Visiting: Categorical Features and Encoding in Decision Trees

Published in

Data Science & Design

10 min readApr 23, 2017

Full source code for the experiment and plots can be found here: https://github.com/Laurae2/CategoricalAnalysis

When you have categorical features and you are using decision trees, you often have a major issue: how to deal with categorical features?

Often you see the following…:

Postponing the problem: use a machine learning model which handle categorical features, the greatest of solutions!
Deal with the problem now: design matrix, one-hot encoding, binary encoding…

Usually, you WILL want to deal with the problem now, because if you postpone the problem, it means you already found the solution:

You do not postpone problems because in Data Science, they accumulate quickly like hell (good luck remembering every problem encountered, then come back 1 month later without thinking about them and recite them each).
You do not postpone problems without knowing the potential remedy afterwards (otherwise, you might have a working pipeline but no solution to solve it!).

So what is the matter?

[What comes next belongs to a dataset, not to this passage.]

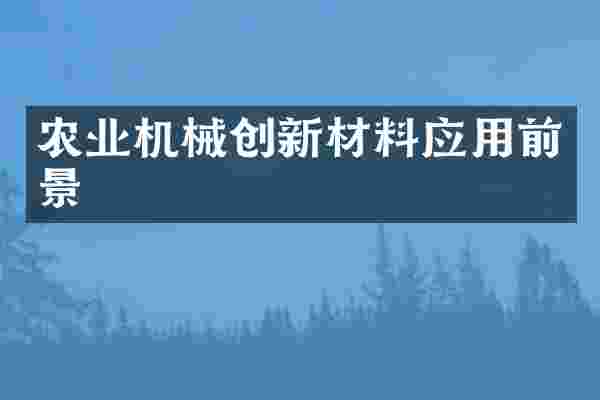 农业机械创新材料应用前景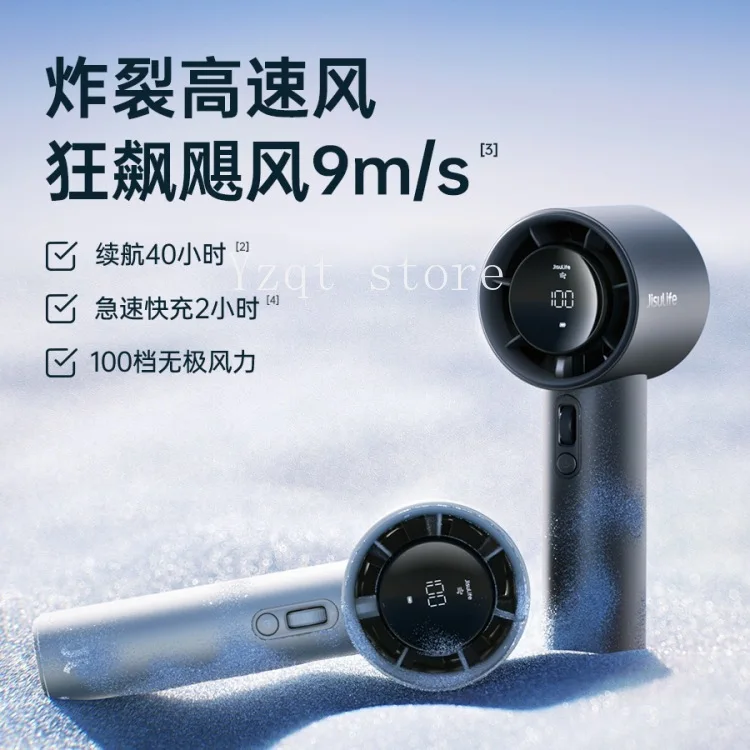 

Super high speed energy saving strong wind handheld small fan bladeless turbine mini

Let’s go back to the basics of decision trees and encoding, then we can test some good stuff… in three parts:

Machine Learning Implementations: specifications differ
Example ways of Encoding categorical features
Benchmarking Encodings versus vanilla Categorical features

Decision Trees and Encoding

Machine Learning Specification

When using decision tree models and categorical features, you mostly have three types of models:

Models handling categorical features CORRECTLY. You just throw the categorical features at the model in the appropriate format (ex: as factors in R), AND the machine learning model processes categorical features correctly as categoricals. BEST CASE because it fits your needs.
Models handling categorical features INCORRECTLY. You just throw the categorical features at the model in the appropriate format (ex: as factors in R), BUT the machine learning model processes categorical features incorrectly by doing wizardry processing to transform them into something usable (like one-hot encoding), unless you are aware of it. WORST CASE EVER because it does not do what you expected to do.
Models NOT handling categorical features at all. You have to preprocess manually the categorical features to have them in an appropriate format for the machine learning model (usually: numeric features). But how do you transform (aka ENCODE) them?

We will target specifically the third type of model, because it is what we want to assess. There are many methods to encode categorical features. We are going to check three of them: numeric encoding, one-hot encoding, and binary encoding.

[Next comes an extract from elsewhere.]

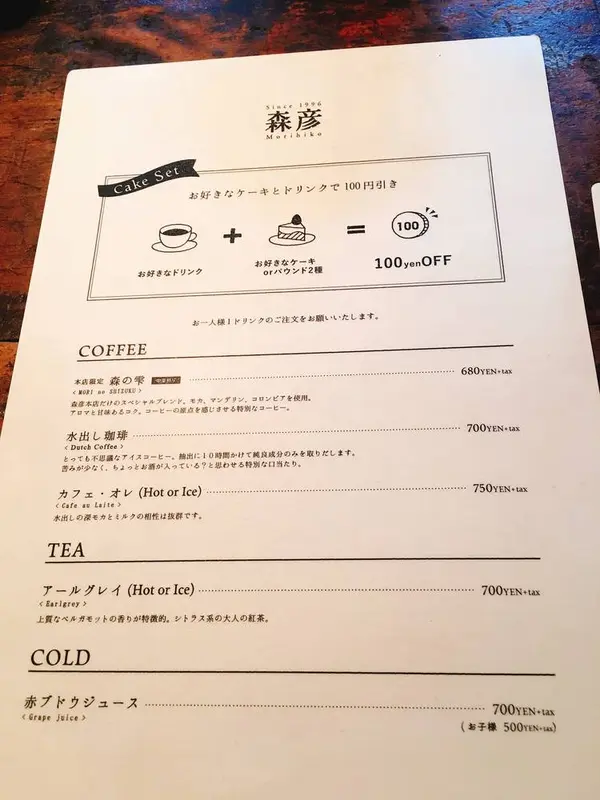 メニュー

Categorical Encoding Specification

Categorical Encoding refers to transforming a categorical feature into one or multiple numeric features. You can use any mathematical method or logical method you wish to transform the categorical feature, the sky is the limit for this task.

Numeric Encoding

Are you transforming your categorical features by hand or are you doing the work with a computer?

Numerical Encoding is very simple: assign an arbitrary number to each category.

There is no rocket science for the transformation, except perhaps… how do you assign the arbitrary number? Is there a simple way?

The typical case is to let your favorite programming language do the work.

For instance, you might do like this in R…

my_data$cat_feature <- as.numeric(as.factor(my_data$cat_feature))

Such as this:

as.numeric(as.factor(c("Louise",
                       "Gabriel",
                       "Emma",
                       "Adam",
                       "Alice",
                       "Raphael",
                       "Chloe",
                       "Louis",
                       "Jeanne",
                       "Arthur")))

This works, this is not brainer, and it encodes the way it wants deterministically (check the ordering and you will see).

One-Hot Encoding

One-Hot Encoding is just a design matrix with the first factor kept. A design matrix removes the first factor to avoid the matrix inversion problem in linear regressions.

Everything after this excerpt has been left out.